Sharing Data with Differential Privacy: A Primer

This article is the first in a four-part series on Differential Privacy by GovTech’s Data Privacy Protection Capability Centre (DPPCC). Click here to check out the other articles in this series.

“Human intuition about what is private is not especially good. Computers are getting more and more sophisticated at pulling individual data out of things that a naive person might think are harmless.”

Frank McSherry, Co-inventor of differential privacy, Co-founder and Chief Scientist, Materialize, Inc.

Collecting and disseminating personal data by various institutions, governments, and organisations have become ubiquitous today, posing significant privacy concerns, especially for vulnerable communities. The traditional anonymisation techniques — ad-hoc methods including statistical disclosure limitation (e.g., generalisation, suppression, and k-anonymity) and releasing aggregates (e.g., count, mean) — have limitations and are not universally applicable for data protection. These data privacy techniques provide guarantees in only a heuristical or empirical sense and require careful analysis of the adversary’s computational power, auxiliary information, and current threats. Moreover, releasing multiple aggregates increases the risk of reconstructing the original data and requires assessing the accumulated risk with each aggregate release. These limitations have led to real-world privacy debacles and increased privacy risks.

Introducing Differential Privacy

Datasets sharing with differential privacy.

The need for stronger privacy protection measures has resulted in increased support and adoption of differential privacy by government institutions and commercial enterprises for datasets releases that could otherwise not be shared:

  • It provides a quantifiable, provable guarantee about the worst-case privacy risk.
  • Its privacy guarantee requires no assumption about auxiliary information: an attacker with detailed information or access to future datasets releases can still not get an advantage.
  • Its privacy guarantee requires no assumption about the threat from an adversary’s computational power (even if unlimited) and can prevent any arbitrary threat.
  • It allows quantifying the accumulated privacy risk of releasing multiple statistics about individuals.

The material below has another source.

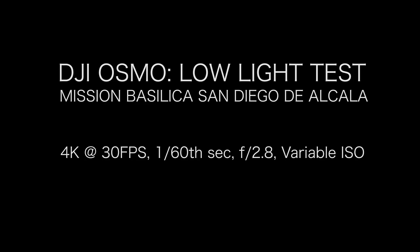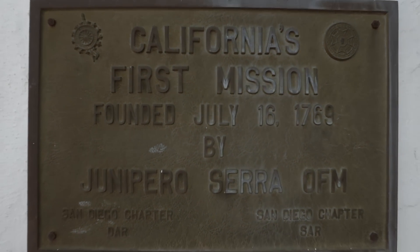Hey there, Jake from DroneTech. Today we're going to be taking the DJI Osmo to California's oldest mission.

The National Institute of Standards and Technology (NIST) recently added differential privacy in their proposed data anonymisation approaches to government data sharing.

What is Differential Privacy?

Differential privacy is a new notion of privacy that enables the release of data or results from data analysis with a mathematical guarantee of privacy. It focuses on data-releasing algorithms (such as computing the mean, sum, count, etc. of a dataset) that take in analytical queries and produce outputs that have been altered in a controlled, random manner. These algorithms are considered differentially private if, based on the outputs, it is difficult to determine whether any individual’s information was included in the original data. This is accomplished by guaranteeing that a differentially private algorithm’s behaviour hardly changes whether or not a single individual is a part of the data.

Differential privacy adds a calculated amount of noise to hide each individual’s contribution to data.

To get this similarity, differential privacy adds a calculated amount of randomness or noise to the analytical queries. The magnitude of noise to add, which determines the degree of privacy, depends on the type of analysis. It must be sufficient to hide the largest contribution that can be made to the output by one individual.

Global vs Local differential privacy differs with respect to the trust in the data curator.

The noise can be added directly to the aggregates (global mode) or individual data points before aggregation (local mode). The former assumes a trusted data curator holds sensitive information. The latter assumes an untrusted data curator and maintains privacy at the source before data leaves the data subject’s control.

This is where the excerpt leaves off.